I’m back after some time spent on hard working, overtiming, doubleshifting and all that since my daytime project was heading for a rough landing. On the up side it gave me a lot to think and write about. Here’s the first topic – queue implementations and thread sleeps.

First of all, what motivated this – quite often (too often) I see a piece of code that looks like this:

Where the queue is shared among producers and consumers. The problem with this code is that if you run it, it’s going to spin. If the queue is more often empty then not (and it most likely is if you don’t have enormous amounts of data flowing through it). A very frequent modification of this ‘pattern’ is one with Thread.Yield() or Thread.Sleep(0) (they’re equivalend) after the while loop.

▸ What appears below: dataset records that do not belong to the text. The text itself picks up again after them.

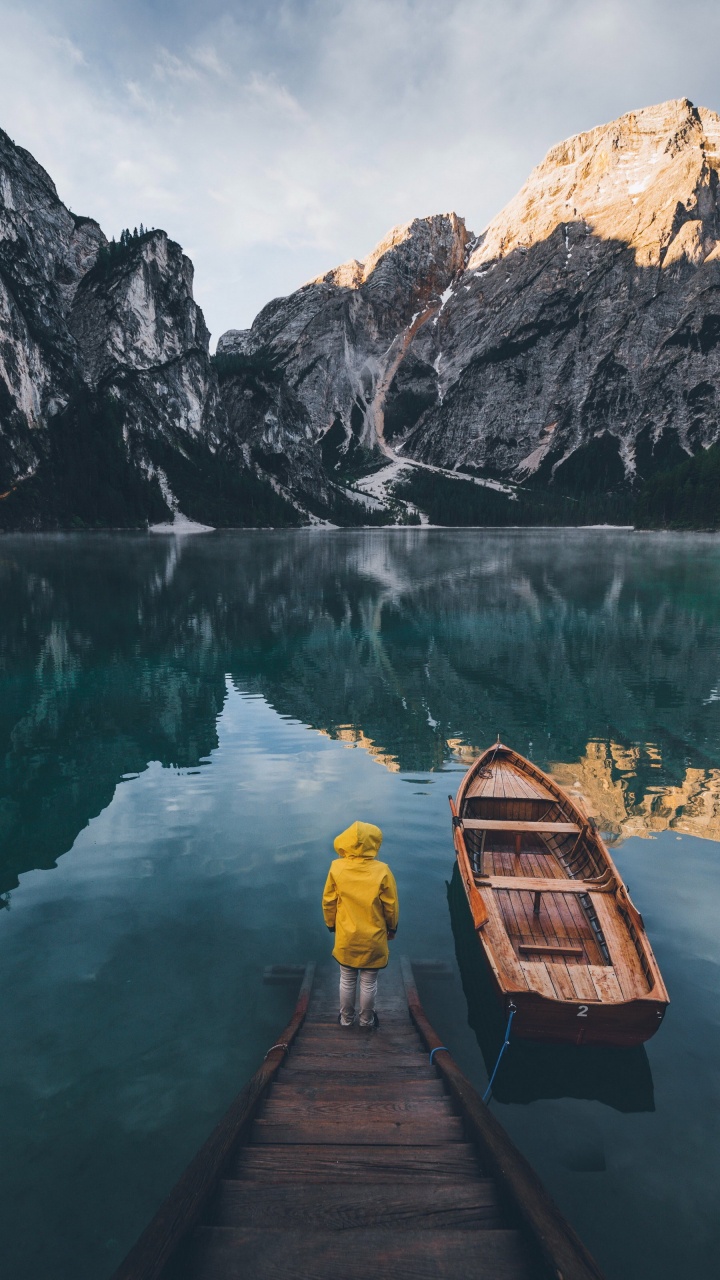 Обои soundcloud, Гарлем Ривер, вода, облако, гора в разрешении 720x1280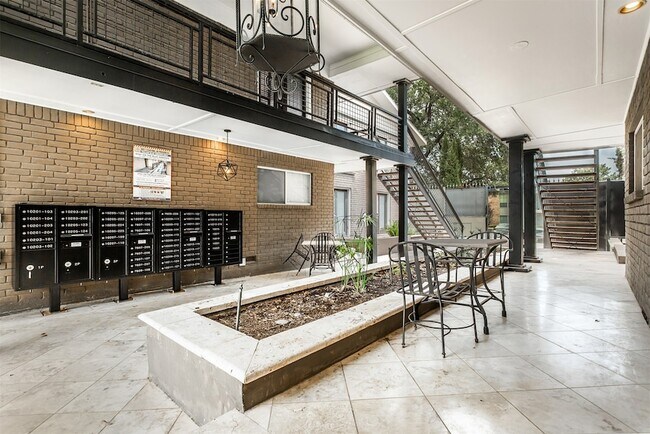 Building Photo - 10205 Regal Oaks Dr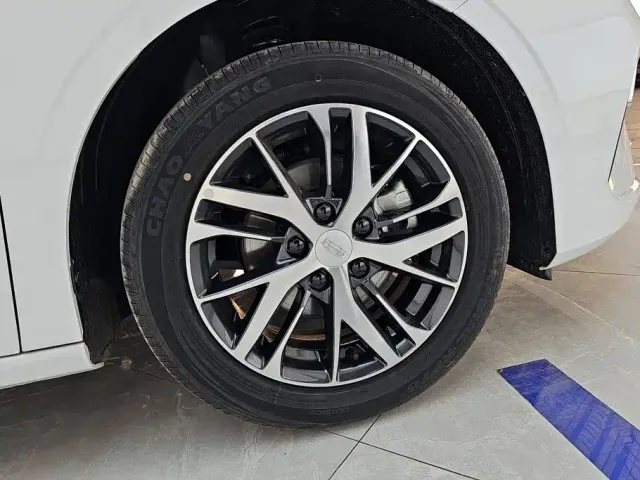 Geely Emgrand — Фото автомобиля 6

I used to think that it’s not all that bad, the Yield would give back the scheduled time without spinning much, the waste would be only on context switching, but it wouldn’t be that CPU consuming. Wrong! It does perform slightly better under overall CPU heavy load, but in ‘idle’ mode, it still consumes a whole one CPU core (if there is one consumer).

Another variation of this is something like Thread.Sleep(1) or Thread.Sleep(5). While it helps in idle mode, it has a couple of problems. It still does a lot of context switching completely unnecessairly and it also delays your processing (the bigger the sleep value, the larger the delay, the less context switching)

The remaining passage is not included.